My guess would be they are talking about the small river rock. The bettas may mistake it for food. I know with goldfish you can't use small rock because they'll eat it and choke. Bettas might do the same.


----------



## finnfinnfriend (Feb 3, 2012)

Goldibug said:


> My guess would be they are talking about the small river rock. The bettas may mistake it for food. I know with goldfish you can't use small rock because they'll eat it and choke. Bettas might do the same.

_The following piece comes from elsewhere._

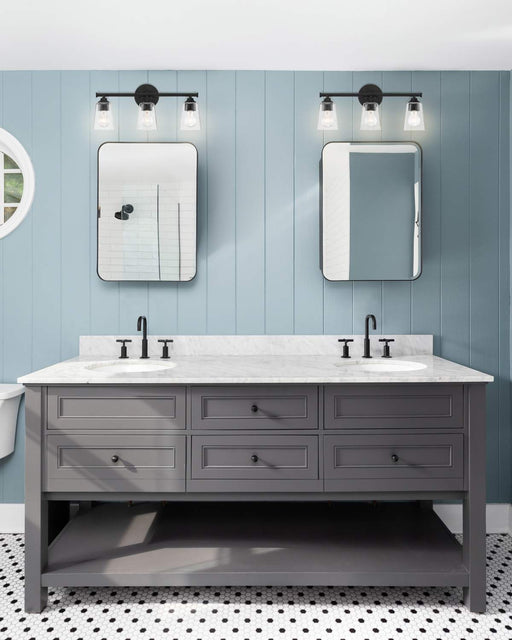 Vanity Nuvo 60-7283 Bransel - 3 Light - Vanity Fixture - Matte Black Finish with Clear Seeded Glass Nuvo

like sand? The small river rock I see are way too big for a betta's mouth....they are like 1/2 a centimeter average....


----------



## thekoimaiden (Oct 19, 2011)

How old is this book? When reading stuff like this you have to consider the source. I know it's not great to keep goldfish with gravel that can fit in their mouths, but it would have to be a very small piece of gravel to get lodged in a betta's mouth. Sand is perfectly fine because it will pass through the digestive tract. Substrate isn't typically a problem with bettas.


----------



## finnfinnfriend (Feb 3, 2012)

The book was published in 2006. I think the author was trying to say not to use large stones because they will get hurt trying to rummage through them....that doesn't sound quite right to me either though...


----------



## thekoimaiden (Oct 19, 2011)

You're right. I have used large stones with betta and had no problems at all. Most betta don't even bother with what is in between the rocks. Without having some logic or experience to back up his claims, I wouldn't put much stock in them.


----------



## finnfinnfriend (Feb 3, 2012)

thekoimaiden said:


> You're right. I have used large stones with betta and had no problems at all. Most betta don't even bother with what is in between the rocks. Without having some logic or experience to back up his claims, I wouldn't put much stock in them.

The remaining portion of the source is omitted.